*Problem to work on*:
The pictures stay out; all of the data is to be printed exactly.

*Input data*:
######
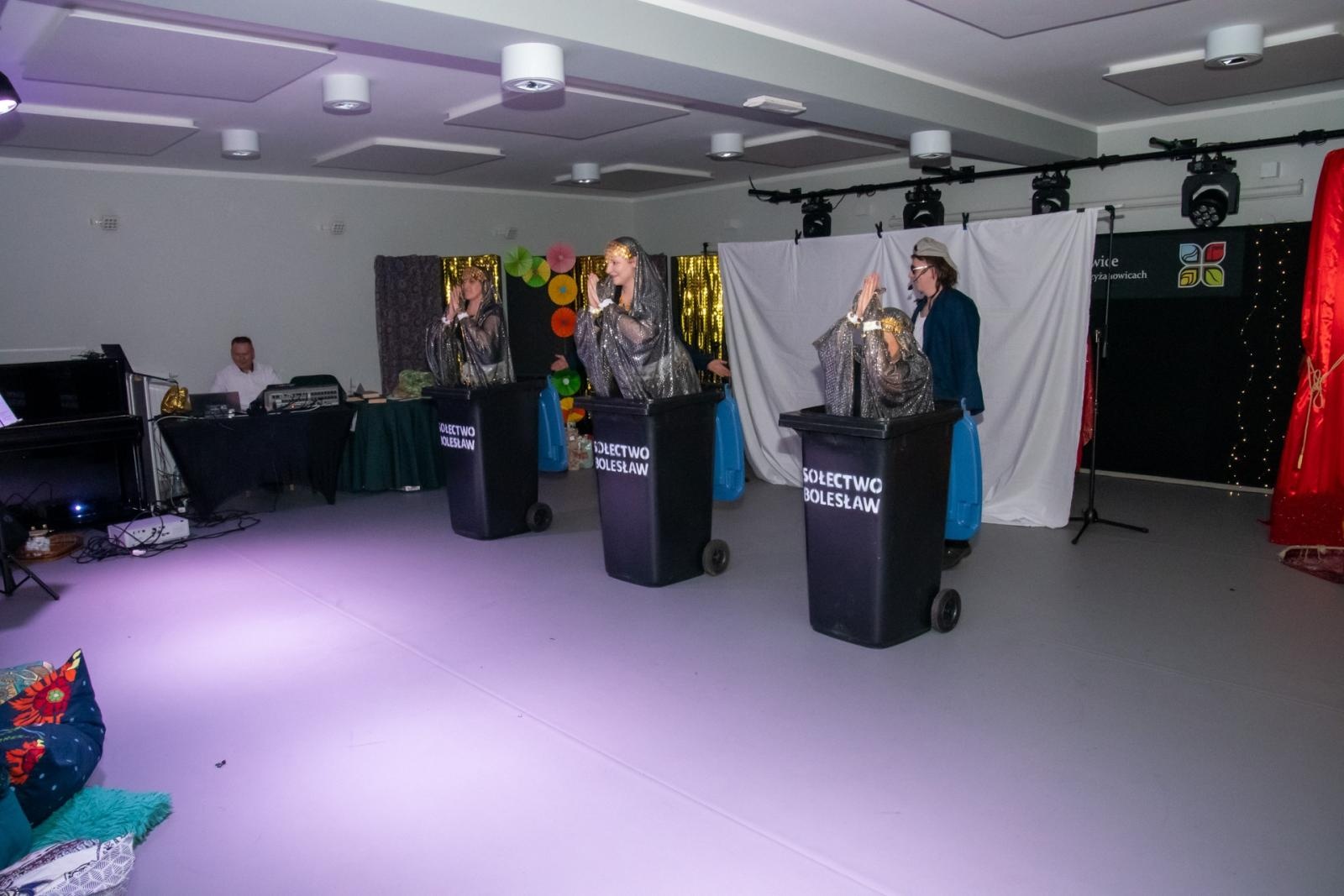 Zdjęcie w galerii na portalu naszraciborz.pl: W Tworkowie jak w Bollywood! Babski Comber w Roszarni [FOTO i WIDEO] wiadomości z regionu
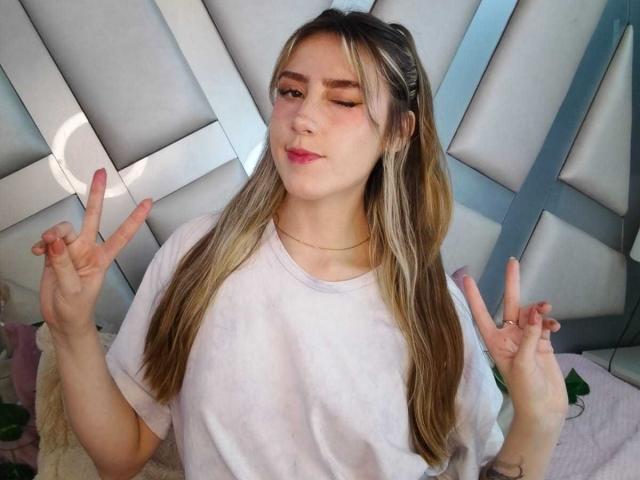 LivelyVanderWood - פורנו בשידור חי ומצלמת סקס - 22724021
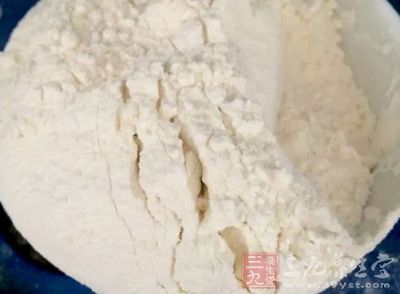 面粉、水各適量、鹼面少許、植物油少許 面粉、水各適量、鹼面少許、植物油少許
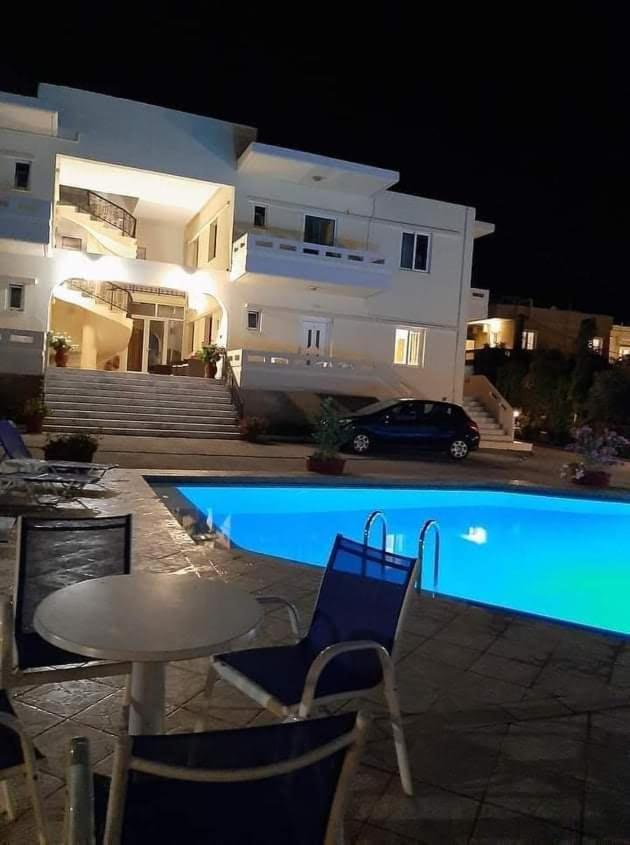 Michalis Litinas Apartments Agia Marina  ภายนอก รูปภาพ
######
*Your response*:
 Zdjęcie w galerii na portalu naszraciborz.pl: W Tworkowie jak w Bollywood! Babski Comber w Roszarni [FOTO i WIDEO] wiadomości z regionu
 LivelyVanderWood - פורנו בשידור חי ומצלמת סקס - 22724021
 面粉、水各適量、鹼面少許、植物油少許 面粉、水各適量、鹼面少許、植物油少許
 Michalis Litinas Apartments Agia Marina  ภายนอก รูปภาพ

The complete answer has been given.